Reputation: 175
i am trying to parse an HTML document, but bs4 fail to parse attribute in a specific tag:
<select class="inputNormal" id="TipoImmobileDaNonImportare" name="TipoImmobileDaNonImportare" style="width:100%">
<option value=""></option>
<option value="unità immobiliare urbana">unità immobiliare urbana</option>
<option value="particella terreni">particella terreni</option>
</select>
when i print, the error
AttributeError: 'tuple' object has no attribute 'items'`
the tag and attribute i print:`select: (u'style', u'class', u'name')`
instead of (for example): `input: {u'type': u'hidden', u'name': u'Immobile_Note', u'value': u'Ubicazione occupazione', u'id': u'Immobile_Note'}`
UPDATE:
if i try soup.find_all( attrs= {'id' : 'somevalue' } )
it fail because try access all attributes of tree!
If i try:
s = BeautifulSoup( """<select class="inputNormal" id="TipoImmobileDaNonImportare" name="TipoImmobileDaNonImportare" style="width:100%">
<option value=""></option>
<option value="unità immobiliare urbana">unità immobiliare urbana</option>
<option value="particella terreni">particella terreni</option>
</select>""")
The parser detect it correctly:
select: {'id': 'TipoImmobileDaNonImportare', 'style': 'width:100%', 'class': ['inputNormal'], 'name': 'TipoImmobileDaNonImportare'}
i try to parse it with lxml parser and html5lib parser, but the result is the same.
Thanks for any replies.
EDIT:
thanks to Amanda, but there was an error in my code, i try to store in tag.attrs
a touple object because this code is porting from bs3 to bs4!
Thanks.
Upvotes: 1
Views: 1343
Reputation: 12737
I'm not entirely sure what you're trying to access with Beautiful Soup here, but if you want to get at the attributes for the select or the options, you can do something like:
html = """<select class="inputNormal" id="TipoImmobileDaNonImportare" name="TipoImmobileDaNonImportare" style="width:100%">
<option value=""></option>
<option value="unità immobiliare urbana">unità immobiliare urbana</option>
<option value="particella terreni">particella terreni</option></select>"""
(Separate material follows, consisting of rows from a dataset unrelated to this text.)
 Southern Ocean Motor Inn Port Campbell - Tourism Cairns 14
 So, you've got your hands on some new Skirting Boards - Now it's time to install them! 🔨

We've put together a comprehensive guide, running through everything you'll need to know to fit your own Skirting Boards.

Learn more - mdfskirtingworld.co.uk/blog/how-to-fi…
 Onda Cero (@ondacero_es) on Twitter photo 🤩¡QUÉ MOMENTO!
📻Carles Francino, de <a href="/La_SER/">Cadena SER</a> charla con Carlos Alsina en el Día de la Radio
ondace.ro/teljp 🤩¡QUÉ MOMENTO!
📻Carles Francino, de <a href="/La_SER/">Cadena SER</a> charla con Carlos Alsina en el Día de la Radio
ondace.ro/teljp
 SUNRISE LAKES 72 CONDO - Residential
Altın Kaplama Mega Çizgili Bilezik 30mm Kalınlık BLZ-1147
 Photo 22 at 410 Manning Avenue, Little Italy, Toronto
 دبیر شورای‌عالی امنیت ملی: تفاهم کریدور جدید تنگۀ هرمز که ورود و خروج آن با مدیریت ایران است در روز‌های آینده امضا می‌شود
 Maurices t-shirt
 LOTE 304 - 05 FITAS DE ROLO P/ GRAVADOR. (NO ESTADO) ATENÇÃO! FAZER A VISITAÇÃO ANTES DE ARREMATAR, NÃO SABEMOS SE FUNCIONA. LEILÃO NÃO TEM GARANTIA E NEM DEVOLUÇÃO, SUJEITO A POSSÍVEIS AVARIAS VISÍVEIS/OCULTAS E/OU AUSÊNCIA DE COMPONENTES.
soup = BeautifulSoup(html)
You can show the attributes of the first "select" with:
print soup.find('select').attrs
Or show the attributes of all the options with:
for option in soup.find_all('option'):
print option.attrs
Or, if you're looking for the names of available items, use:
for option in soup.find_all('option'):
print option.text
or if you want the option value rather than the displayed text, use:
for option in soup.find_all('option'):
print option['value']
If that doesn't help, maybe you could give an example of the output you're expecting
Upvotes: 1